Les moments de grâce existent en politique. Ils permettent de continuer à y croire. Leur simple existence constitue une victoire en elle-même. « Le gouvernement qui entrera en fonction le 7 août sera celui de la vie, de la paix, de la justice sociale et de la justice environnementale. » Cette phrase, inouïe en Colombie, sort de la bouche du premier président de gauche élu dans ce pays. Elle a été prononcée le 19 juin par Gustavo Petro. Le leader de la coalition du Pacte historique est ainsi parvenu à briser deux siècles d’hégémonie partagée entre conservateurs et libéraux. Cette imprenable forteresse de droite, profondément verrouillée par le clientélisme, aura engendré une dizaine de guérillas d’extrême gauche à partir des années 1960. Dont la plus importante, les Farc, détient un record de résilience dans l’histoire. L’accord de paix qu’elle a signé en 2016 avec le gouvernement colombien mettait fin à un conflit que l’ONU a qualifié de « plus grande catastrophe humanitaire de l’hémisphère occidental » : 260 000 morts, 45 000 disparus et 6 millions de déplacés.
Le parcours de Gustavo Petro rappelle celui de Dilma Rousseff au Brésil. Est-ce un hasard alors que le continent était plongé dans la nuit de sinistres dictatures : inspiré par la théologie de la libération, il fut membre du M-19, petite guérilla urbaine qui a déposé les armes en 1990. Arrêté, torturé. Engagé en politique, député, sénateur, maire de Bogotá. C’était sa troisième présidentielle. Avec 50,4 % des voix, il bat Rodolfo Hernández (47,3 %), magnat grossier, sexiste et… indépendant. L’immuable duo conservateur-libéral a été éliminé dès le premier tour !

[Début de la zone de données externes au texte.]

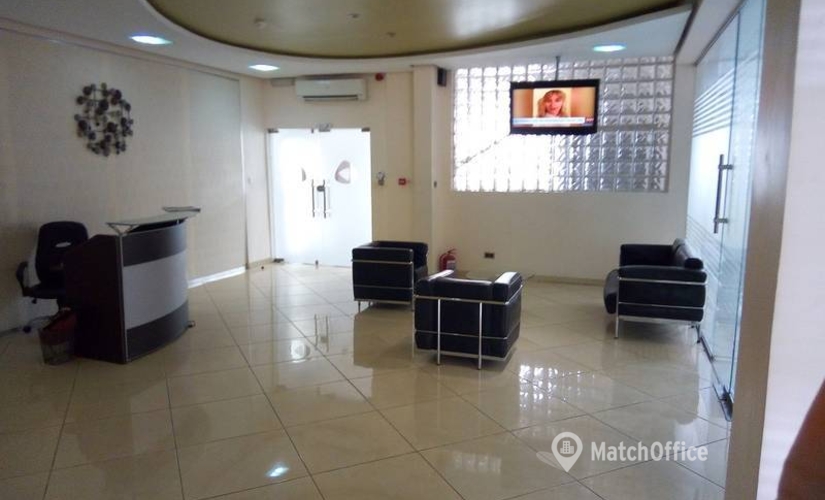 45 m² Business park in Lagos, Plot 5 (100001) - 0 | MatchOffice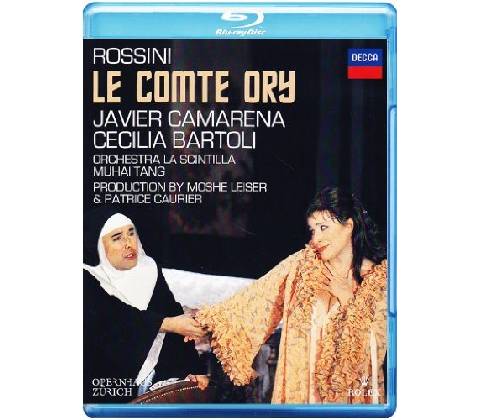LE COMTE ORY - BARTOLI CECILIA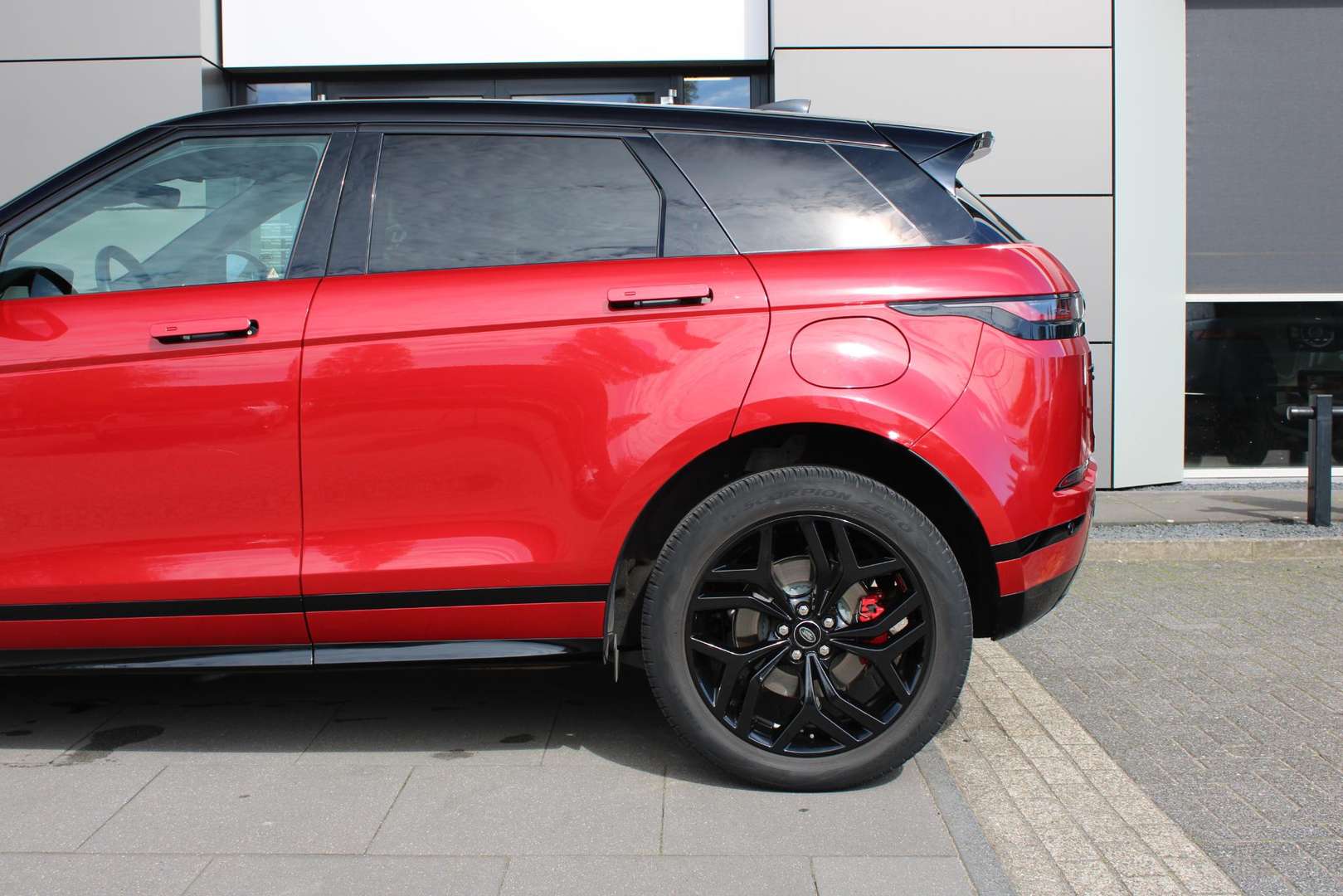 Land Rover Range Rover Evoque R-Dynamic SE | Pano | Cold Climate | Meridia P300e - 2022 - Joinsteer - #30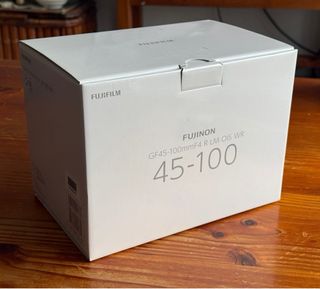 Fujinon GF 45-100mm f4 R LM OIS WR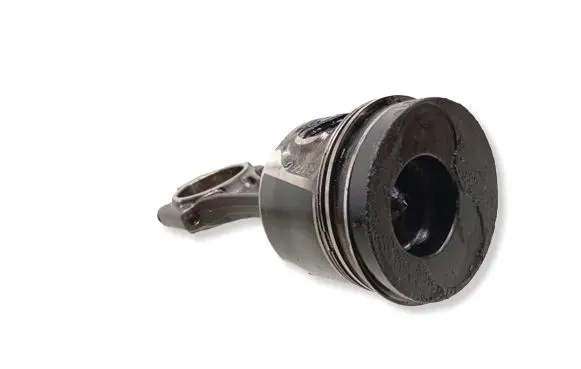 Volkswagen Touran I Piston with connecting rod 038G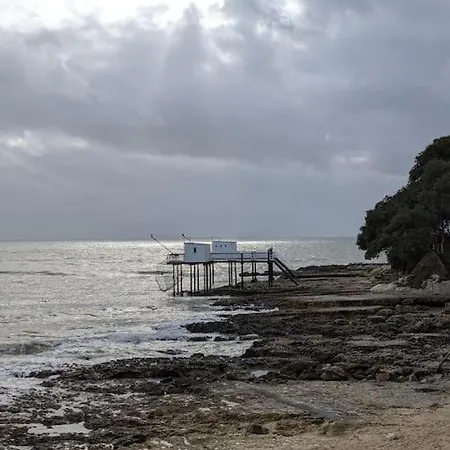 公寓 Le Bel Ami Proche Pontaillac, 3 Pers, Proximite Centre, Plage, Commerce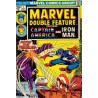 Marvel Double Feature  Issue 7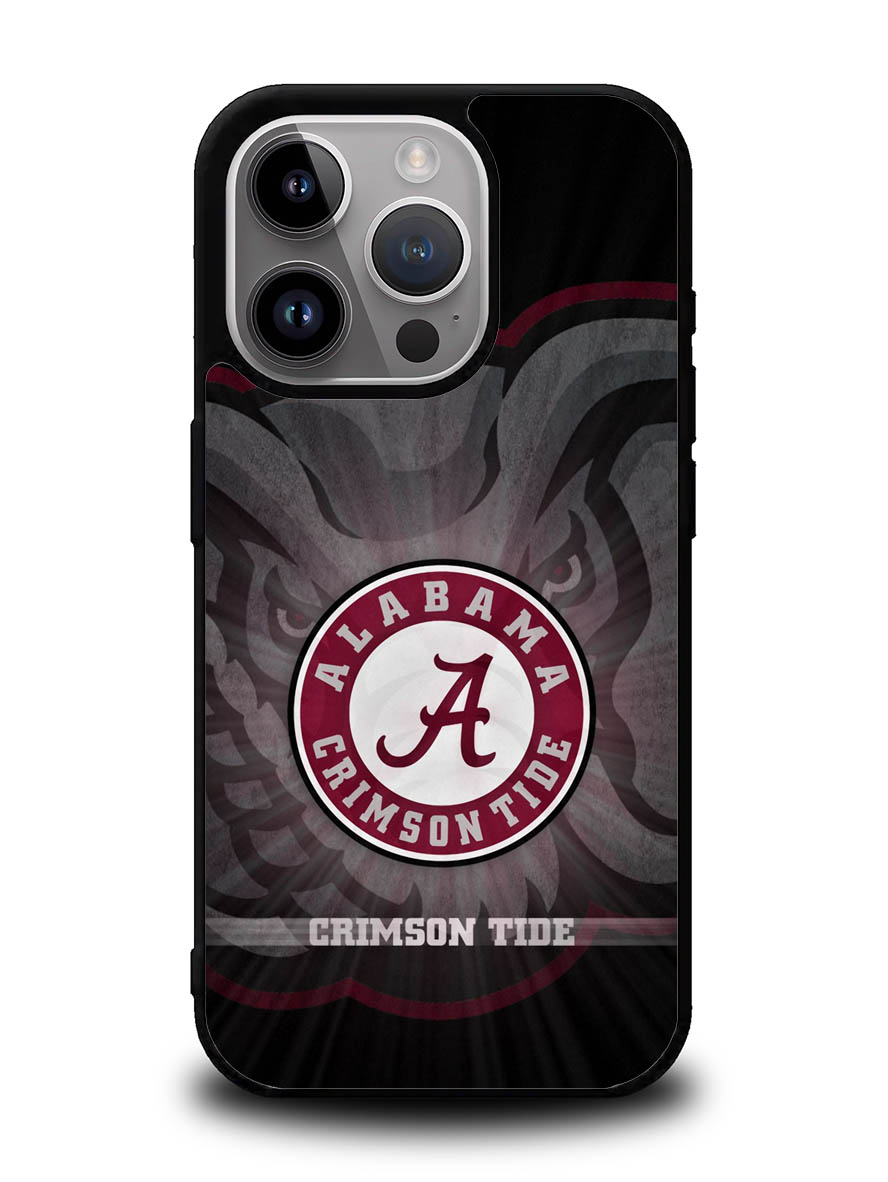 Alabama Crimson Tide 7th iPhone 16 Pro Max Case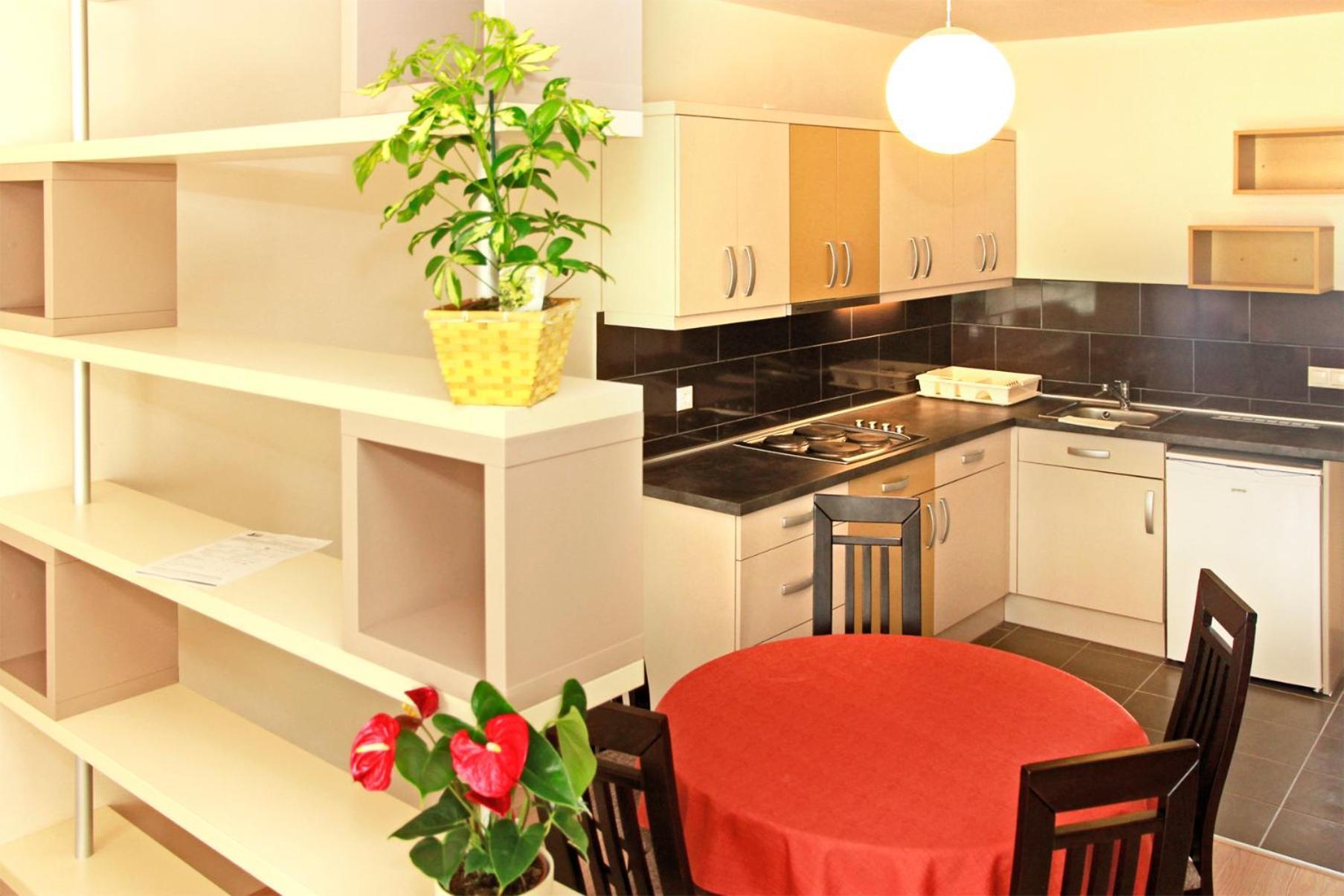 Termal Kemping Apartmanok Es Bungalok Harkany Bilik gambar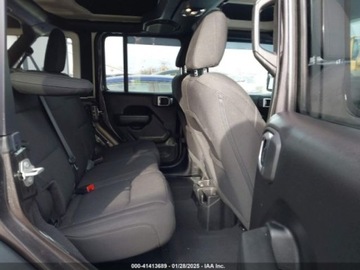 Jeep Wrangler IV 2023 Jeep Wrangler 2023 JEEP WRANGLER 4-DOOR SPORT ALTITUDE 4X4 2.0 Benzyna, zdjęcie 10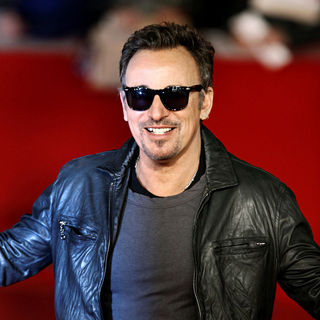 Bruce Springsteen in 5th International Rome Film Festival - 'The Promise: The Making of Darkness on the Edge of Town'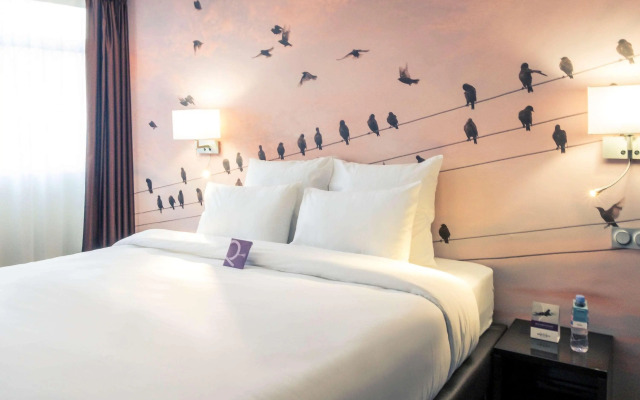 Hotel Mercure Paris Malakoff Parc Des Expositions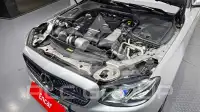 2017 Mercedes Benz E-Class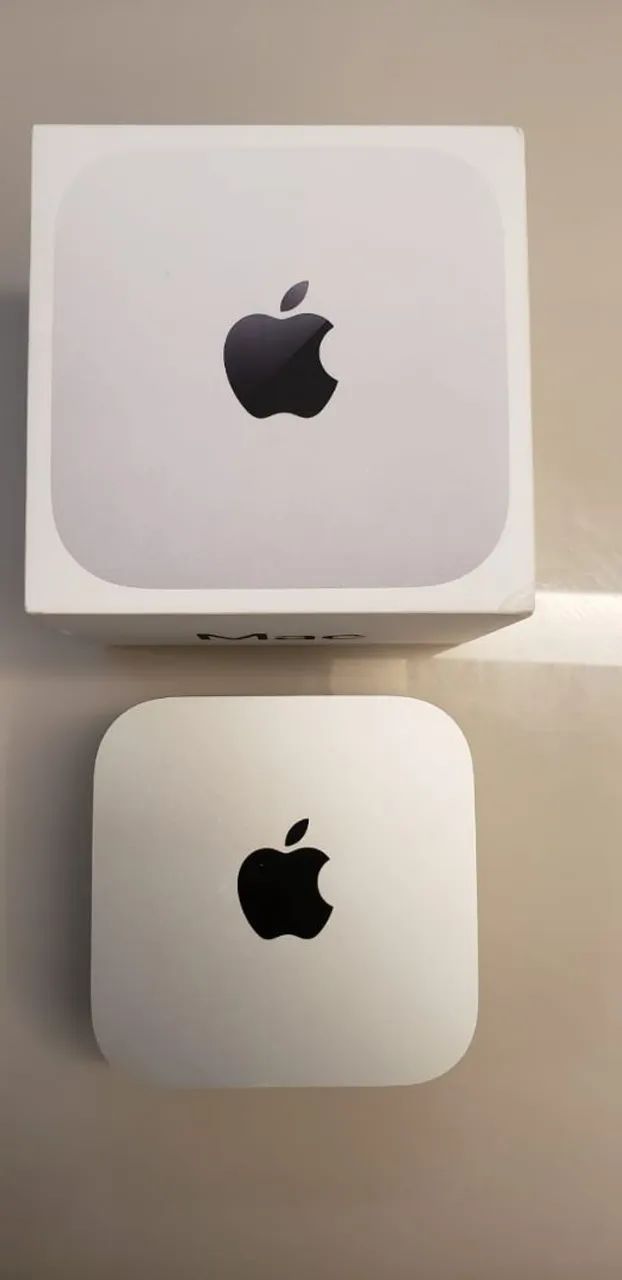 Apple Mac Mini M4 256gb/16gb - Foto 2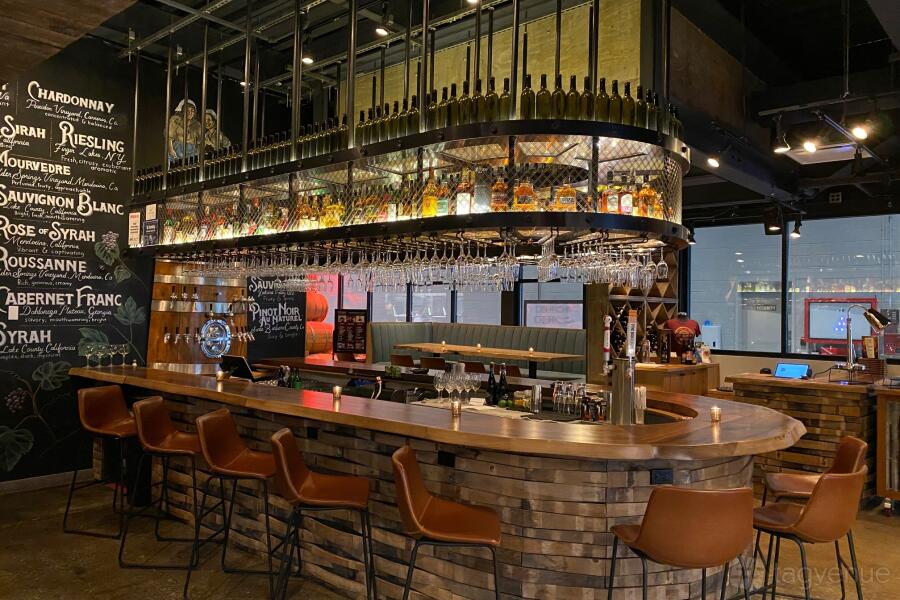 U-Bar at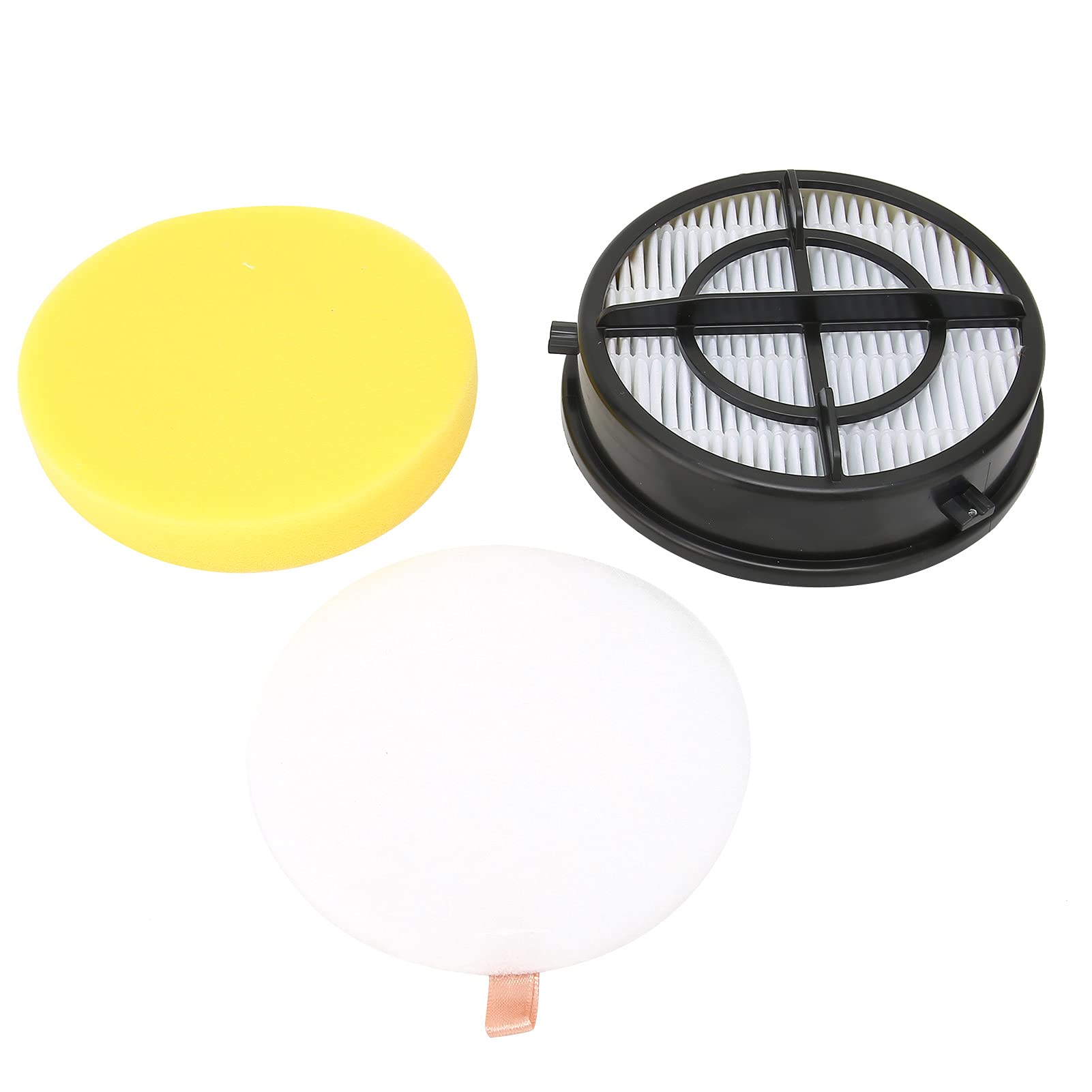 Wene Vacuum Filter Set - 3PCS Replacement Filter Cores Compatible with 16871 Vacuum Cleaner | High Efficiency Dust Filtration for Kitchen, Living Room, Office & Household Cleaning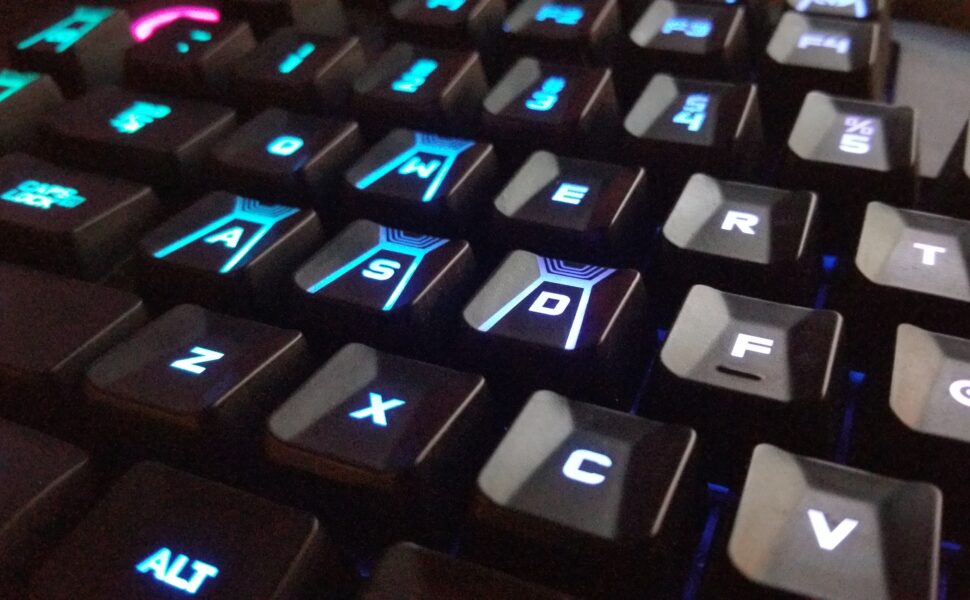 Top 5 Gaming Keyboards for All Genres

La Colombie a donc basculé, dans le sillage du mouvement profondément réformiste qui se dessine de plus en plus nettement sur le continent sud-américain. Si le parcours et la génération de Petro le distinguent du jeune président chilien, Gabriel Boric, son programme est d’inspiration similaire : très social et démocratique, écologique, opposé à l’extractivisme, féministe, défenseur des minorités de genre et des groupes ethniques opprimés. À la figure d’Elisa Loncón, Mapuche qui préside la Convention constitutionnelle chilienne, répond celle de l’écologiste afro-colombienne Francia Márquez, militante des droits humains et désormais vice-présidente de la Colombie. Et s’il fallait encore trouver une raison à la volonté de changement du peuple colombien, elle tiendrait dans la promesse de Petro de construire « un grand accord national et la paix intégrale », quand son prédécesseur, Iván Duque, pur produit de la droite dure, s’est appliqué à diviser le pays et à effriter l’accord de 2016 avec les Farc, laissant craindre le retour des armes. Un risque qui tétanise les Colombiennes.